DÁ – olha aí o seu vestido azul, Dé. Estava no lixo. Aposto que o bandido do cachorro pegou, usou como brinquedo, acabou com ele e Di pra proteger o safado botou no lixo.
DI – acham que eu poderia fazer o mesmo trabalho que vocês fazem?
DÉ – os homens não gostam assim como você. Gostam de mim e do Dá.
DI – eu poderia ser uma mulher diferente, não poderia? Quando existiam mulheres no mundo as diferentes também existiam. E depois, não se tem mais nada a perder.
DÁ – Já é difícil eles conseguirem alguma comida pra nos pagar aos dois, imagine pra mais um?
DÉ – Quem sabe um deles não traz mais uns dois ou três litros de água como pagamento hoje, né? Quem sabe? E o cachorro?
DI – ele foi mesmo embora. Agora só resta homem no mundo. Poucos, como nós. Lá fora está escuro, escuro, escuro... a natureza é tão ingrata com a gente. Sempre amei a vegetação, o sol, os cachorrinhos. E tudo nos abandona. São cruéis... muito cruéis.
DÉ – (COLOCANDO O DEDO DENTRO DA PANELA COM AGUA.) ainda está fria.

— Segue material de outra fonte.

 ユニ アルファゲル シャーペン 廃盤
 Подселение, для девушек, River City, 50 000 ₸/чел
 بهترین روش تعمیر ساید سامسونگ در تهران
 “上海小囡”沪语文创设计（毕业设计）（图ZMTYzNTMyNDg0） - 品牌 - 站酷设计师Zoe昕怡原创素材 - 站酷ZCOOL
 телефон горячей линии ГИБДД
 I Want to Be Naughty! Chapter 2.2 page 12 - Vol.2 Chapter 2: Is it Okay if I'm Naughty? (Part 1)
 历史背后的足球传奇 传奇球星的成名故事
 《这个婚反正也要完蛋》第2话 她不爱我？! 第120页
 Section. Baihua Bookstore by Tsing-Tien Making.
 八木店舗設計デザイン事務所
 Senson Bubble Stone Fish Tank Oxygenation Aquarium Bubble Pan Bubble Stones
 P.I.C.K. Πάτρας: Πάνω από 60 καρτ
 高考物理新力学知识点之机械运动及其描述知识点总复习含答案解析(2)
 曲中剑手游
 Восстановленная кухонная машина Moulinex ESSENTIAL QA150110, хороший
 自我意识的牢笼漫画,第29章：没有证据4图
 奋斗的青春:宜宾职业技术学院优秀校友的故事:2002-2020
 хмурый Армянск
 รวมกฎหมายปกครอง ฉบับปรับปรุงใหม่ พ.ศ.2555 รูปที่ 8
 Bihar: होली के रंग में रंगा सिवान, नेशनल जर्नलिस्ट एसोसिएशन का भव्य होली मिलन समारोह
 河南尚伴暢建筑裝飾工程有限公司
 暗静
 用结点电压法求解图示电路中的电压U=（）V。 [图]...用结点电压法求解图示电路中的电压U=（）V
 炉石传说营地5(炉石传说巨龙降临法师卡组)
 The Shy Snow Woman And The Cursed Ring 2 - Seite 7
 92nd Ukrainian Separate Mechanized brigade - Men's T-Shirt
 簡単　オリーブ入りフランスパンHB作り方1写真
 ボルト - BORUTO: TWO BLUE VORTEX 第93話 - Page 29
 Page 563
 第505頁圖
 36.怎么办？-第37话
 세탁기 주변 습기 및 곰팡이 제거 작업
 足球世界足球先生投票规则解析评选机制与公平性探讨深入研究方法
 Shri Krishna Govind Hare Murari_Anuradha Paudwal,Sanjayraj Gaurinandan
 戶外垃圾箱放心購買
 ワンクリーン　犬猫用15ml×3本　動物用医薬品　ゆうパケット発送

DÁ – o querosene acabou. Deixa o banho morno pra lá. Muito calor mesmo. Muito calor.
DI – ontem fez frio.
DÉ – mas ontem nevou. A gente esqueceu de pegar a neve pra derreter. Idiotas.
ELES PARECEM PERDIDOS. NÃO SABEM BEM O QUE FAZER OU PENSAR.
DÁ – mamãe dizia, que quando havia luz no mundo, também havia esperança. Lembram que ela contava que a mãe dela contava que as mulheres era a maioria no mundo? Nem consigo imaginar isso. Mamãe foi a penúltima a deixar o planeta...
DÉ – não me lembro quem foi a última.
DÀ _ nós não a conhecíamos.
DÈ – é verdade, é verdade!
DI – esse jogo nunca termina? Estranho, queria dizer antes, mas fiquei com vergonha. Eu só consigo ver um buraco...
DÁ E DÉ SE OLHAM. SORRIEM COM PENA DE DI.
DÁ – acho que depende do ângulo que você vê, Di.
DÉ – é Di, eu daqui vejo só uma parte do gramado. Estamos em ângulos diferentes. Você ficou bem nesse vestido azul, Di.
VOLTAM A SENTAR. FICAM UM LONGO TEMPO OLHANDO A PLATÉIA FIXAMENTE. A LUZ PISCA E DIMINIU MUITO, DEIXANDO OS TRÊS QUASE NO ESCURO.
DÁ – vocês não sentem vontade de acabar com tudo de uma vez?
DÉ – é melhor esperar. Quem sabe alguém ainda consiga ter uma idéia brilhante e o planeta volta a ser como era antes?
DÁ – é. Pode ser. Alguém precisa fazer alguma coisa mesmo.
DÉ – alguém precisa.
DI - o que vamos jantar?
NINGUÉM RESPONDE. DI, NA SUA FIGURA CONSTRANGEDORA PEGA A BACIA E COMEÇA A SALVAR AS PIPOCAS ESPALHADAS PELO CHÃO. ESCURECE.